POWER OF TRIALS & SOCIAL PROOF
When you look at the Innovation Adoption Curve, Innovators and Early Adopters are largely driven by scarcity - they want what others can’t have or don’t know about. The Early and Late Majority are driven by social proof. They want something that’s been tried, tested and has a degree of talkability. Trials are a great way for people to safely experiment with risk and get quick wins.
Sarah detailed how Football Australia used trialling concepts like the parental policy to drive change. “I think you have to create a space within leadership, but also within the team to be on board with the vision. When trying to disrupt the sporting ecosystem, you need to do things differently. You need to pay equal pay, and if you think about how we support mothers in high performance, you are in new territory and you’re not always going to get everything right. Trialling the parental policy created a safe space where people can test and fail. I think we did that really well. Katrina Gorry excelled as a player by having her daughter with her in the high performance environment.”
POWER OF FAILURE & STORY
Greg described that failure is how we learn. “I think it’s particularly interesting in academia because we don’t talk about failures.
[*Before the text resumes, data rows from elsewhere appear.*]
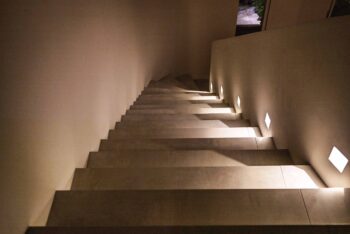 Blick von oben auf eine Treppe, die zur Haustür führt. Mehrere p.108 Wandleuchten von prediger.base beleuchten die Stufen und sorgen für Orientierung. Der Treppenbereich ist minimalistisch und schlicht.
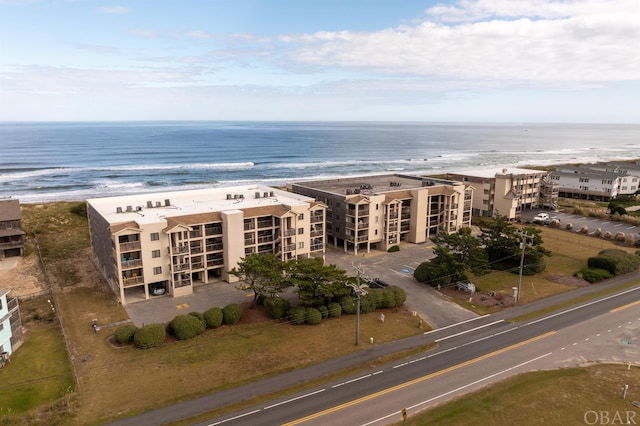 bird's eye view with a water view and a beach view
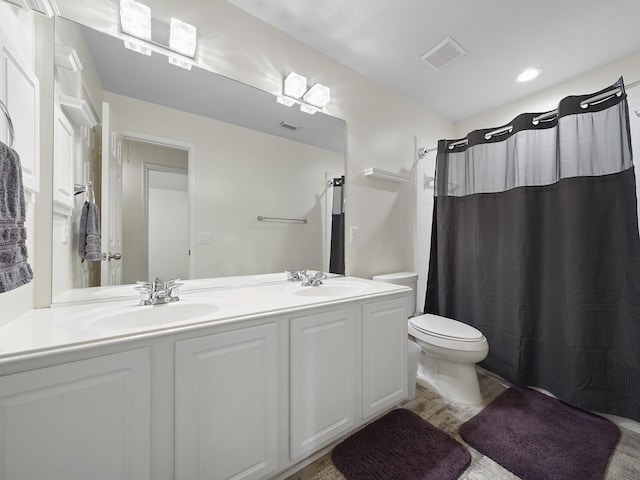 24602 Windemere Park Ct, Katy, TX 77494 - full bathroom with toilet, double vanity, a shower with shower curtain, and wood finished floors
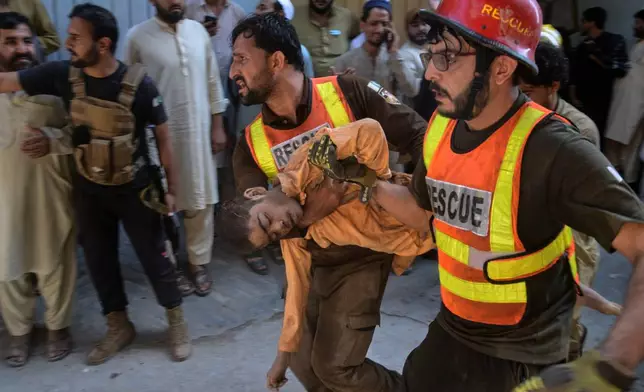 Rescue workers carry an injured boy after rescuing him from the rubble of a roof collapse at a private school, in Peshawar, Pakistan, Thursday, Oct. 15, 2026. (AP Photo/Muhammad Zubair)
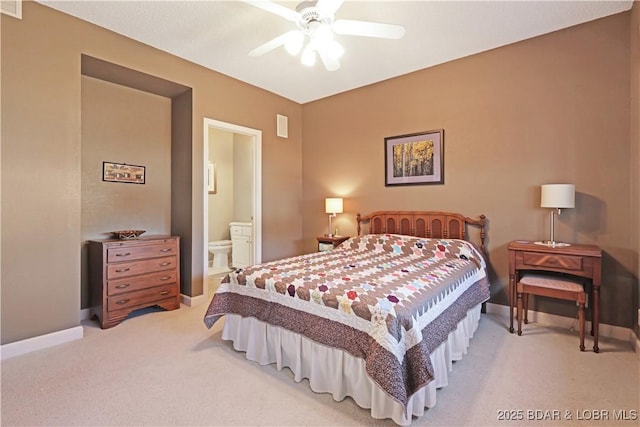 bedroom with visible vents, baseboards, ensuite bathroom, and light carpet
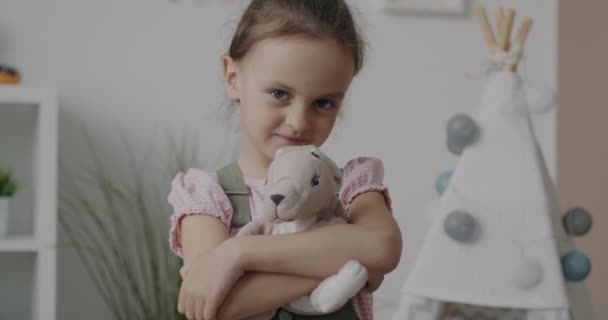 カメラを見て笑っている巨大なぬいぐるみの家に立つ愛らしい子供のスローモーションポートレート 幸せな子供時代と感情の概念 — ストック動画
You don’t publish them and say, here’s the spectacular failure. This experiment we prove nothing. That doesn’t get published. The only way we get that knowledge out so that someone else doesn’t go and make that same mistake is to tell the story of what we did.”
Will described that telling a story of risk to potential customers is very beneficial. “Showing a real example of something that happened, like an unusual object in space, helped the customer to visualize themselves in the story, and that had huge benefits. The transformation that we saw in customers when we gave them a new perspective was incredible.